Scale-free networks: A scale-free network is a network whose degree distribution follows a power law, at least asymptotically. In network theory a scale-free ideal network is a random network with a degree distribution that unravels the size distribution of social groups. Specific characteristics of scale-free networks vary with the theories and analytical tools used to create them, however, in general, scale-free networks have some common characteristics. One notable characteristic in a scale-free network is the relative commonness of vertices with a degree that greatly exceeds the average. The highest-degree nodes are often called "hubs", and may serve specific purposes in their networks, although this depends greatly on the social context. Another general characteristic of scale-free networks is the clustering coefficient distribution, which decreases as the node degree increases. This distribution also follows a power law. The Barabási framework of network evolution featured above is an example of a scale-free network.

Rather than tracing interpersonal interactions, macro-level analyses broadly trace the outcomes of interactions, such as economic or other resource transfer interactions over a large population.
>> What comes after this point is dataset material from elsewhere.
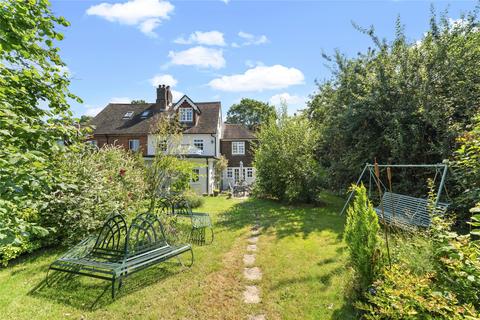 4 bed property, in The Gardens, £1,000,000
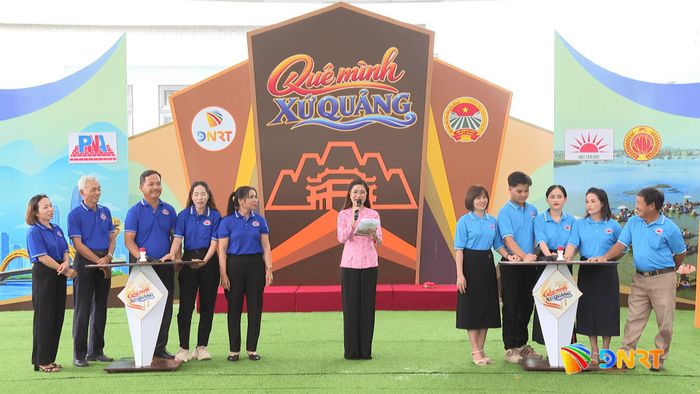 Các đội thể hiện sự hiểu biết qua phần thi “Kiến thức nhà nông”. Ảnh: LAM KHUÊ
Large-scale networks: large-scale network mapping.

Complex networks: almost larger social networks display qualities of social complexity, which involves substantial non-trivial features of network topology, with patterns of complex connections between elements that are neither purelynor purely random see, complexity science, dynamical system and chaos theory, as do biological, and technological networks. Such complex network features add a heavy tail in the degree distribution, a high clustering coefficient, assortativity or disassortativity among vertices, community structure see stochastic block model, and hierarchical structure. In the effect of agency-directed networks these features also include reciprocity, triad significance ordering TSP, see network motif, and other features. In contrast, many of the mathematical models of networks that have been studied in the past, such as lattices and random graphs, do not show these features.